WHAT YOU HAVE TO DO >> Transcribe each entry below exactly. Pictures do not go in the copy.

INPUT FOR THIS TASK >>
---
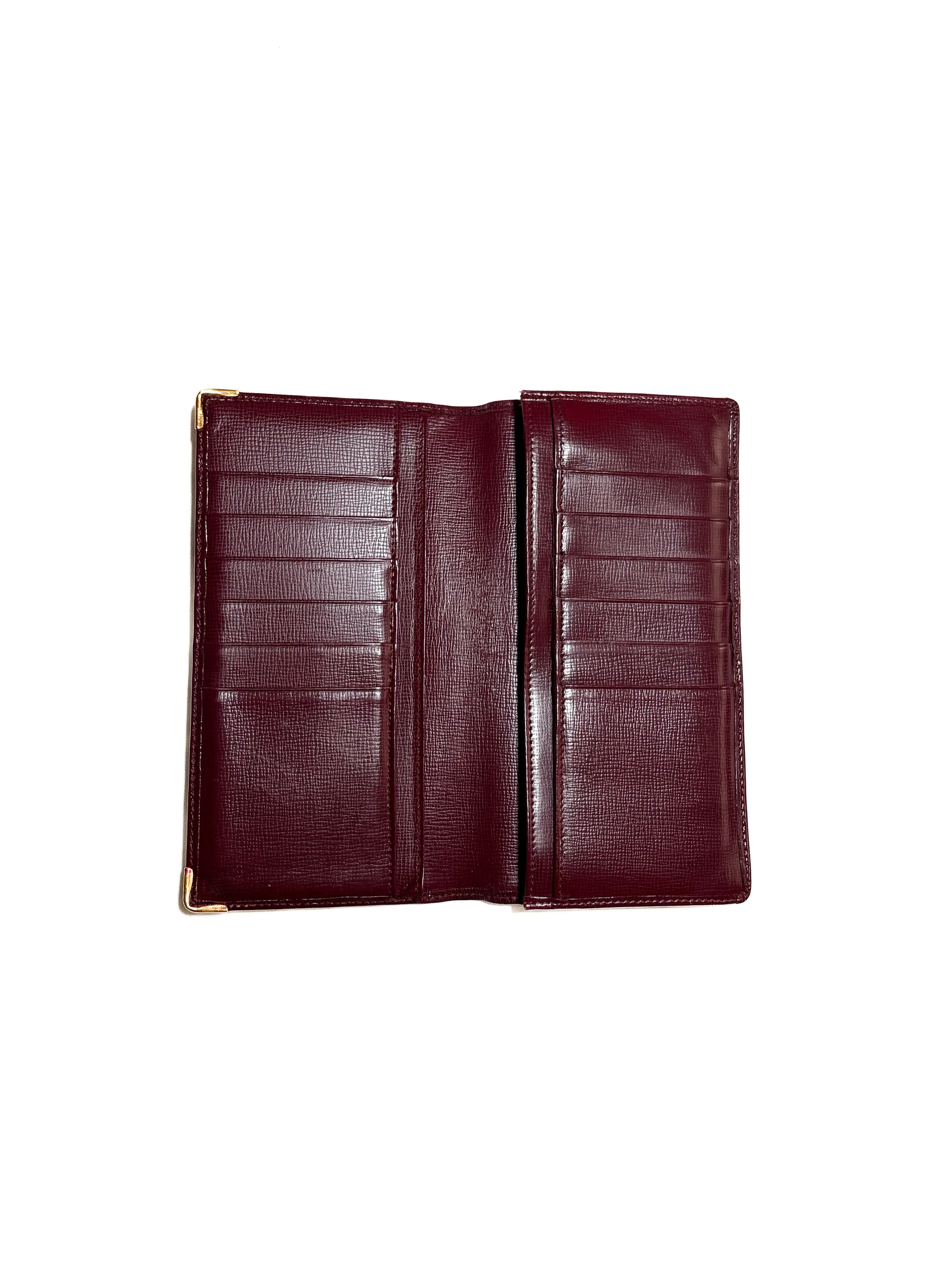 Cartier Cartier Leather Card Holder Wallet Size ONE SIZE - 4 Thumbnail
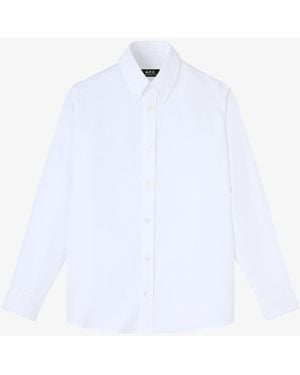 A.P.C. A. P.c. Women's Kayla Button Down Shirt Size: 34 In White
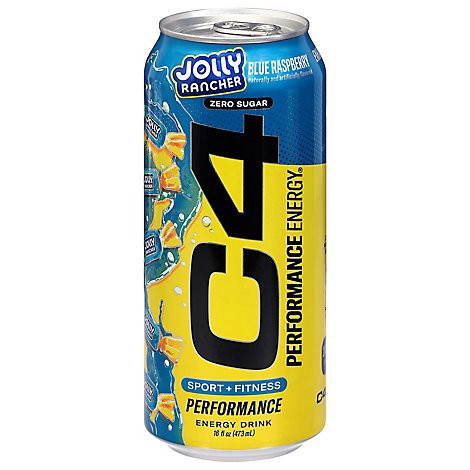 slide 1 of 1, C4 Energy Jolly Rancher Blue Raspberry 16fz - 16 FZ, 16 fl oz
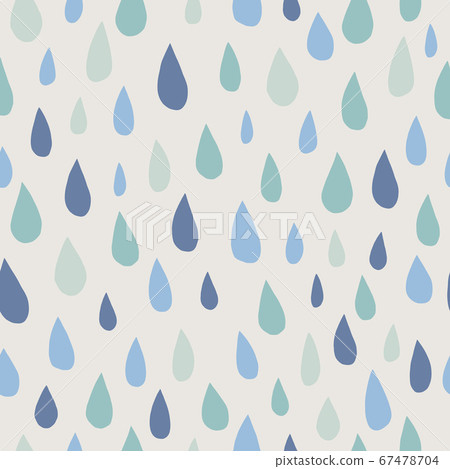 Seamless pattern with drops in scandinavian color 67478704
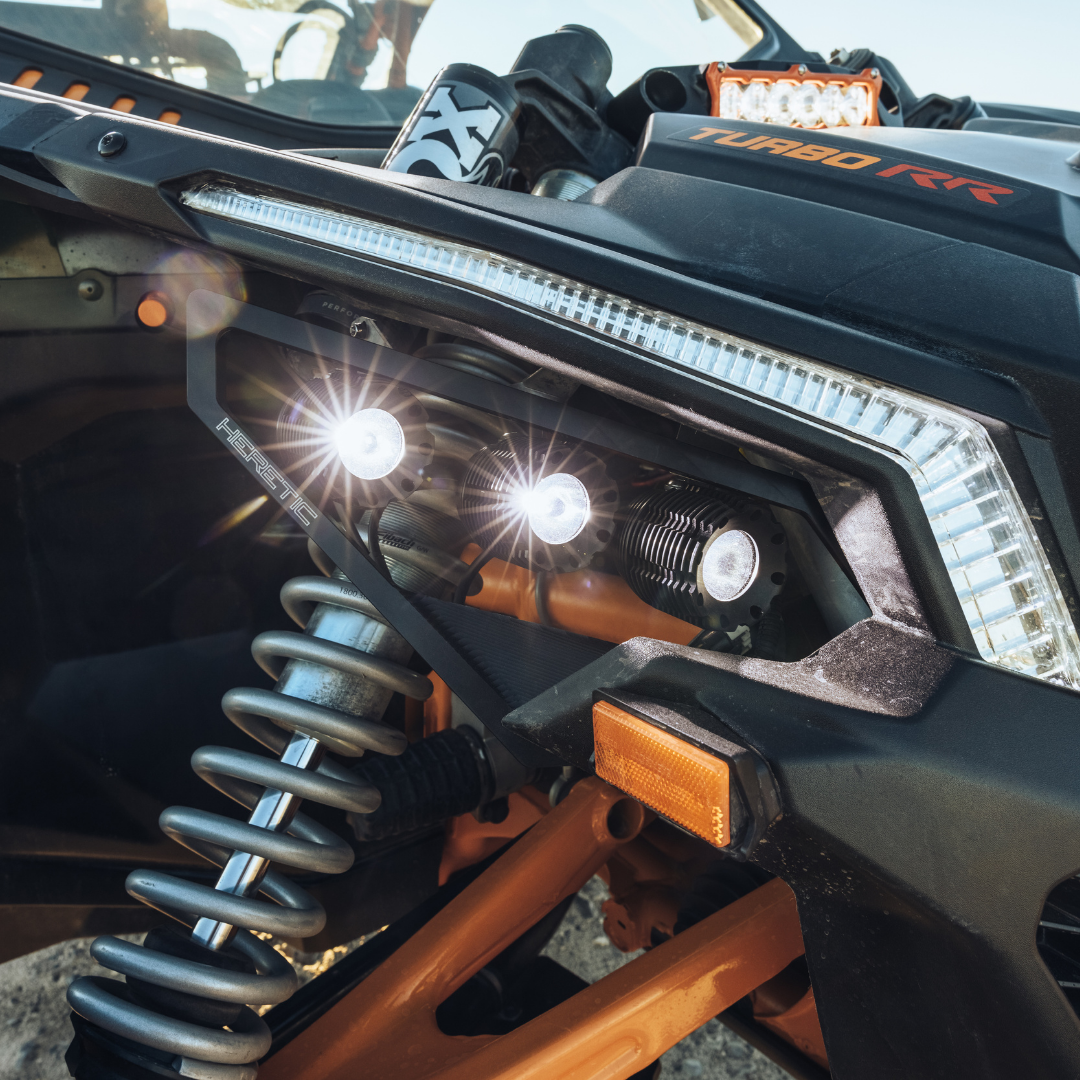 Can-Am Maverick X3 LED Headlights Heretic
---
EXERCISE SOLUTION >>
 Cartier Cartier Leather Card Holder Wallet Size ONE SIZE - 4 Thumbnail
 A.P.C. A. P.c. Women's Kayla Button Down Shirt Size: 34 In White
 slide 1 of 1, C4 Energy Jolly Rancher Blue Raspberry 16fz - 16 FZ, 16 fl oz
 Seamless pattern with drops in scandinavian color 67478704
 Can-Am Maverick X3 LED Headlights Heretic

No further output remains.